◆ DATA BELOW
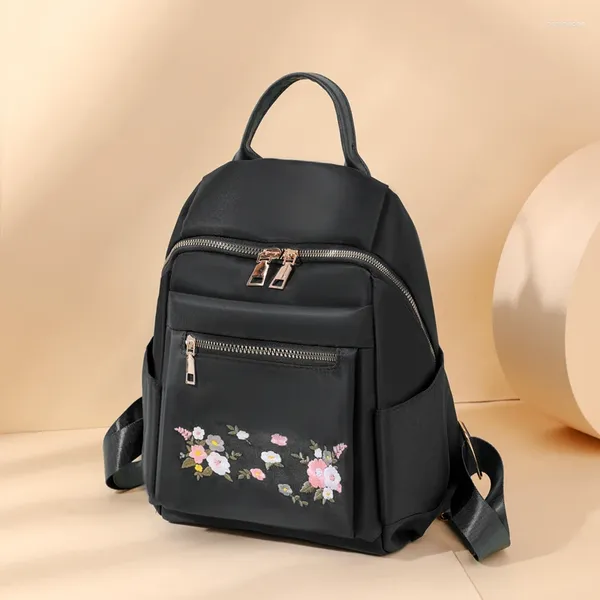 Sacs d'école Cartable de créateur pour femmes trois couleurs sont disponibles sac original de style chinois broderie double épaule dos sacs à dos en nylon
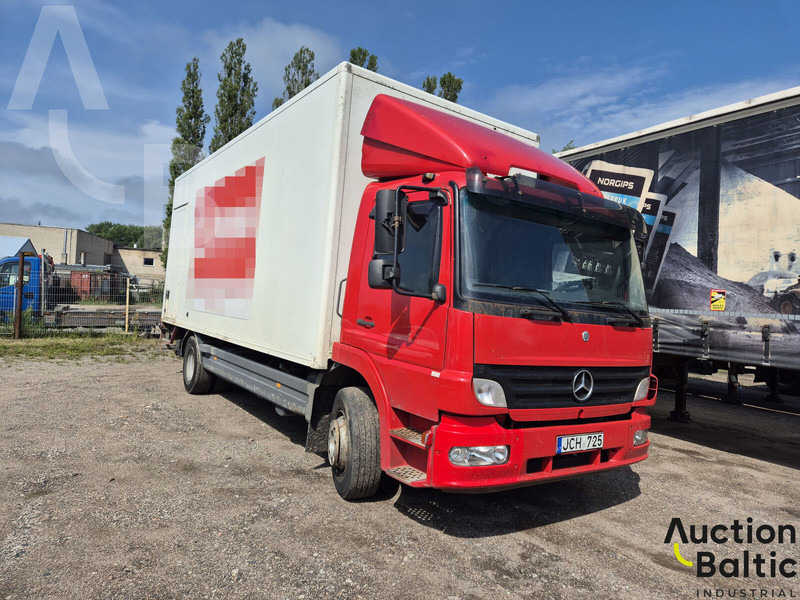 Mercedes-Benz 970.25 - Camion fourgon: photos 2 Mercedes-Benz 970.25 - Camion fourgon: photos 2
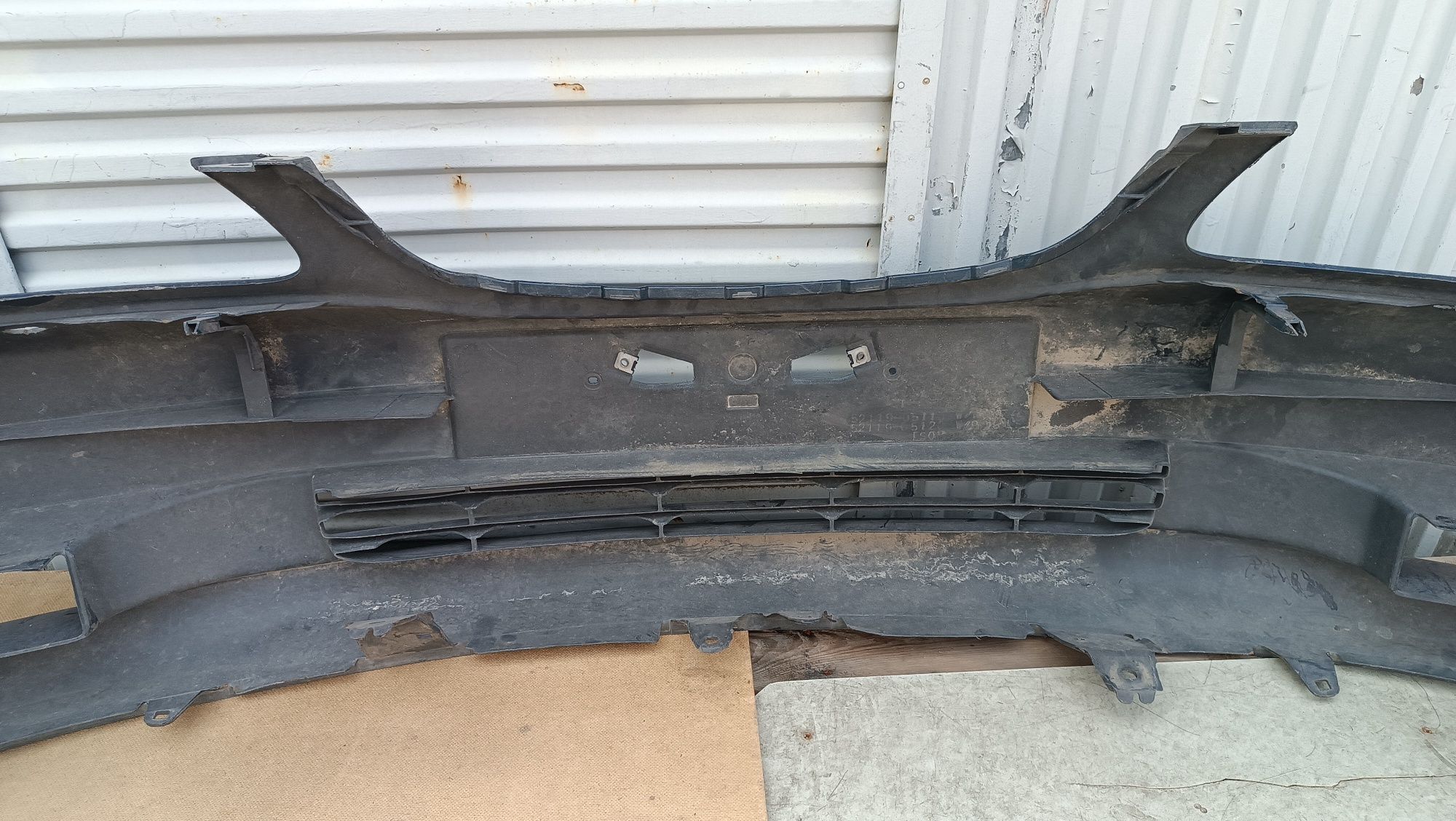 Vendo parachoque de frente Toyota Avensis ano 200/03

◆ TASK DESCRIPTION
Your answer should hold only the lines from the one with "Mercedes-Benz 970.25 - Camion fourgon: photos 2 Mercedes-Benz" through the final line of the listing above, transcribed exactly and without pictures.

◆ RESPONSE AREA
 Mercedes-Benz 970.25 - Camion fourgon: photos 2 Mercedes-Benz 970.25 - Camion fourgon: photos 2
 Vendo parachoque de frente Toyota Avensis ano 200/03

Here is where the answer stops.